WHAT TO DO
Each line, starting at the one with "610 Park Ave, West Hempstead, NY 11552" and running to the end of the data below, is to be set down again exactly, both ends included; leave pictures out.

Start of SOURCE DATA

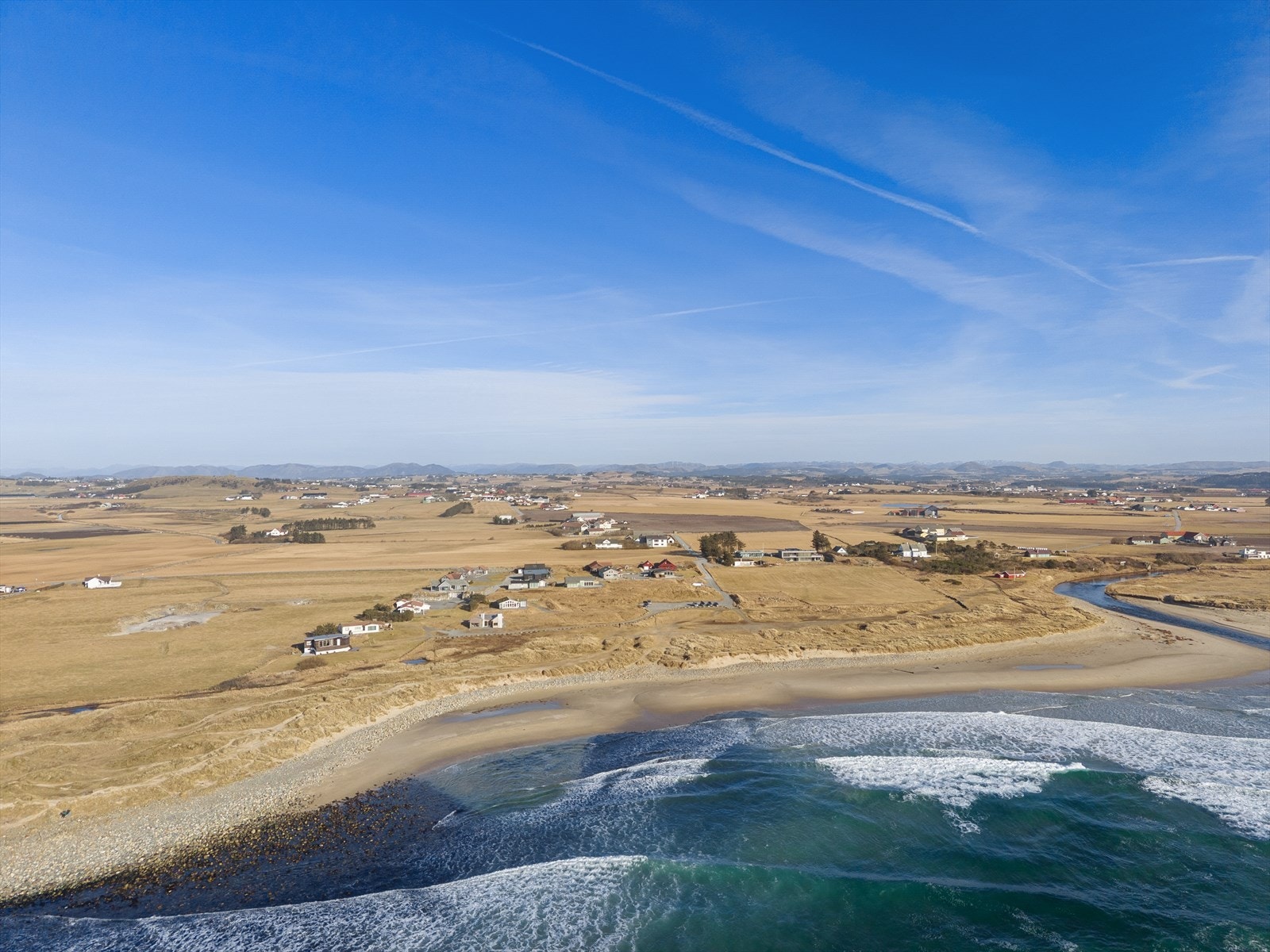 Her får du en romslig enebolig, stor tomt, sjøutsikt og nærhet til både strand og natur. En bolig som er like funksjonell som den er innbydende og som gir familien din gode rammer i mange år fremover. Galleribilde
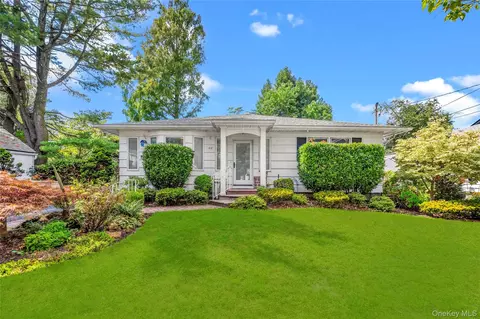 610 Park Ave, West Hempstead, NY 11552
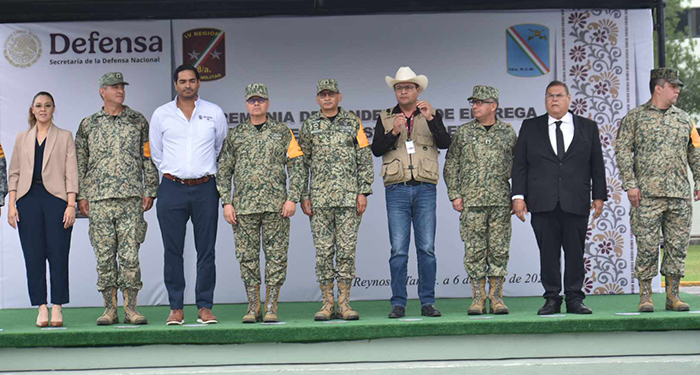 Entregan Sedena y Bienestar federal enseres domésticos a damnificados en Reynosa 2 494815337 652465307548549 8043224178673034039 n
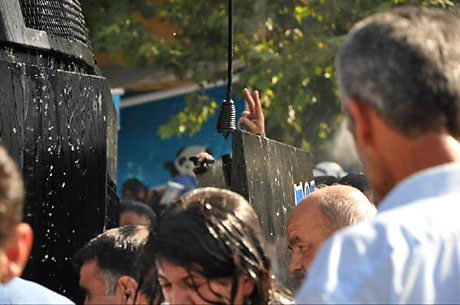 Diyarbakır savaş alanına döndü galerisi resim 95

End of SOURCE DATA

PROBLEM SOLUTION
 610 Park Ave, West Hempstead, NY 11552
 Entregan Sedena y Bienestar federal enseres domésticos a damnificados en Reynosa 2 494815337 652465307548549 8043224178673034039 n
 Diyarbakır savaş alanına döndü galerisi resim 95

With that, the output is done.